Anyone who regularly works with wireless technology knows the feeling when an important frequency is at stake: uncertainty, planning pressure and many unanswered questions are usually the result. All the better is the news that the 823–832 MHz band will not expire at the end of the year as feared, but will remain usable in Germany for another ten years. Many existing systems can therefore continue to be operated without modification. Nevertheless, one thing remains true: frequency regulation is not standardized across Europe. What is permitted in Germany may be handled differently in other countries – a point that touring productions in particular should continue to keep in mind.
Contents
1. Frequency usage and classification
The electromagnetic spectrum from 9 kHz to 245 GHz is fully allocated. Audio wireless equipment is generally considered a secondary user. This means that wireless microphones are allowed to share frequency ranges that are actually reserved for primary services – but only as long as these primary services are not interfered with.
Typical primary users include television and radio broadcasters, public safety and security services such as police and fire departments, as well as various fixed and mobile radio services. These services have priority within their respective frequency ranges and must be able to operate without interference at all times.
In practice, this means that we often operate in intermediate ranges or local gaps where the primary user is not active. This explains why a wireless frequency may work perfectly at one location but cause severe interference at another. A system that operates flawlessly at an event in Nuremberg may already experience dropouts just a few kilometers away – for example near a TV transmitter or a microwave link. In such cases, the issue is not the wireless microphone itself, but the dominant primary usage occupying that frequency range. To users, it may appear as if the frequency is “defective”, when in reality it is simply not available at that location.
The only exception are public broadcasting organizations, which historically have their own frequency allocations. However, these have also been restructured several times in the past.
2. Frequency management: essential for interference-free operation
In the UHF ranges typically used in the event industry, extensive setups with many parallel wireless channels can be realized – provided that the receivers use high-quality filters, frequency planning is well thought out, and intermodulation is taken into account. Each transmitter generates additional products alongside its main frequency, which can interfere with neighboring systems. For this reason, all channels should be operated within compatible frequency groups. In the UHF-600 systems from our range, for example, these groups are documented in detail in the user manual.

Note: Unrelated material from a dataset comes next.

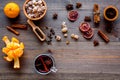 Merry christmas in winter evening with warm drink. Hot mulled wine or grog with fruits and spices on wooden background Royalty Free Stock Photo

How sensitive this coordination is becomes particularly evident when additional channels are added at short notice. In a stage show with twelve coordinated microphones, the system runs stably as long as all units operate within the same group and their intermodulation products do not interfere with each other. However, if two additional microphones are added spontaneously and transmit on uncoordinated frequencies, these new signals can disrupt individual channels that were previously carefully planned. The system then appears unstable, even though the technology itself is functioning perfectly – it simply lacks a common, coordinated frequency basis. In addition, externally generated signals, such as those from a nearby event, can affect individual frequencies or entire groups.
3. Lighting technology: a significantly more complex situation
Unlike wireless microphones, which operate in clearly defined frequency ranges, lighting control primarily uses generally license-free frequencies. However, these frequencies are not only used by event technology applications, but simultaneously by Wi-Fi, smart devices, private data transmissions and a wide range of consumer wireless solutions. Many of these devices also transmit at significantly higher power levels than is common or permissible in the event industry – a challenge for any wireless transmission in lighting control.
How quickly this can become a problem is evident at corporate events where stage lighting is controlled via wireless DMX. During rehearsals, everything works flawlessly. However, once guests arrive, hundreds of smartphones automatically activate their Wi-Fi and Bluetooth connections. At the same time, the event venue expands its own Wi-Fi network with additional access points. The sheer number of signals occupies large portions of the available spectrum. Lighting control signals then arrive with delays or drop out briefly – not due to a technical defect, but because the wireless channel is simply overloaded. For critical applications, the use of wired or redundant solutions is therefore recommended.
4. Planning security helps to overcome technical challenges
The extension of the 823–832 MHz frequency band provides valuable planning security for the event industry. However, even with stable regulatory conditions, careful frequency management remains essential – especially in environments where many systems operate in parallel or where external signals further complicate the situation.